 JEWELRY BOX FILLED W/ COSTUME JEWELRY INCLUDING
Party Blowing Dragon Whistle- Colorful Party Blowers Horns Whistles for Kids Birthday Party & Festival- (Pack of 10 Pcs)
************
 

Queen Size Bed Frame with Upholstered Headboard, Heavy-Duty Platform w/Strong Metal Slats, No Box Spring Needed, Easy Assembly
************
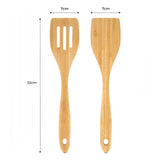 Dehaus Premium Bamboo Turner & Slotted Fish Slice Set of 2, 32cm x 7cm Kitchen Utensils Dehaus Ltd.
************
▸ Aim of the exercise: From the entries above, extract only the lines running from the one containing "JEWELRY BOX FILLED" through the one containing "Party Blowing Dragon", inclusive.

▸ Output for this task:
 JEWELRY BOX FILLED W/ COSTUME JEWELRY INCLUDING
Party Blowing Dragon Whistle- Colorful Party Blowers Horns Whistles for Kids Birthday Party & Festival- (Pack of 10 Pcs)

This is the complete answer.